Escalation volumes reflect that architecture. Daylight produces significantly fewer escalations than premium agnostic MDR, and when it does escalate, it brings the full investigation context, not just a ticket.
Daylight is best for teams whose challenge goes beyond Tier-1 alert volume and need full-cycle investigation and response as a managed service, particularly those replacing a premium agnostic MDR where escalation volume and cloud coverage gaps persisted despite a strong vendor relationship.
Book a demo to see how Daylight's investigation model compares to what you are running today.
Frequently Asked Questions About Expel vs. ReliaQuest
How Do Expel and ReliaQuest Handle Cloud and Identity Coverage Differently?
Expel integrates directly with AWS, Azure, GCP, and identity platforms via API. ReliaQuest's documentation lists some cloud sources as indirect, meaning they depend on a supported SIEM backend to surface into GreyMatter. Ask both vendors which sources are native versus which require a dependency to function.
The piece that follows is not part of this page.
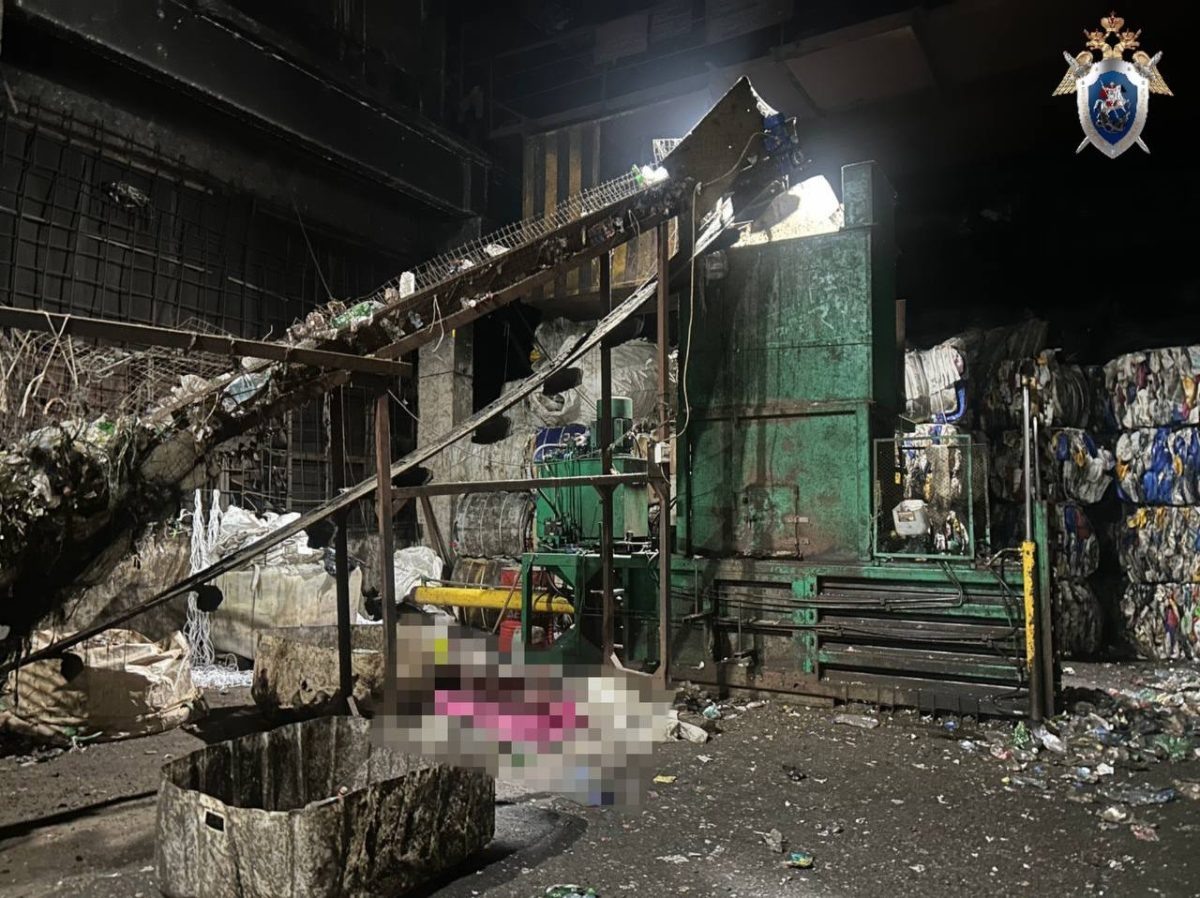    Во время прессовки отходов голову рабочего зажал механический пресс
If Neither Expel Nor ReliaQuest Fits My Cloud-Heavy Environment, Is the Problem the Vendor or the MDR Type?
Often, the issue is the fit between the operating model and the environment. Premium agnostic MDR was designed for mixed stacks with analyst-driven or overlay-driven operating models. The architecture correlates across tools via separate API connections rather than a unified data model, and detection fidelity is bounded by what each tool's API surface exposes.
Cloud-heavy environments with high identity and SaaS signal complexity often find that a stronger execution of the same model type does not resolve the underlying mismatch. The constraint is not necessarily that Expel or ReliaQuest executes poorly. It may be that the premium agnostic MDR model was built for a different environment shape.
Can I Run Expel or ReliaQuest Alongside an AI SOC Tool Like Dropzone?
Yes, and some teams do. The question is whether layering a tool on top of a shared-burden managed service actually reduces burden or adds another layer to manage. If the underlying issue is that your team absorbs too many escalations requiring judgment, adding a triage tool upstream of the MDR may accelerate how fast those escalations arrive without reducing how many arrive. If the issue is the operating model, adding tools does not fix it. A different MDR type is a more direct path.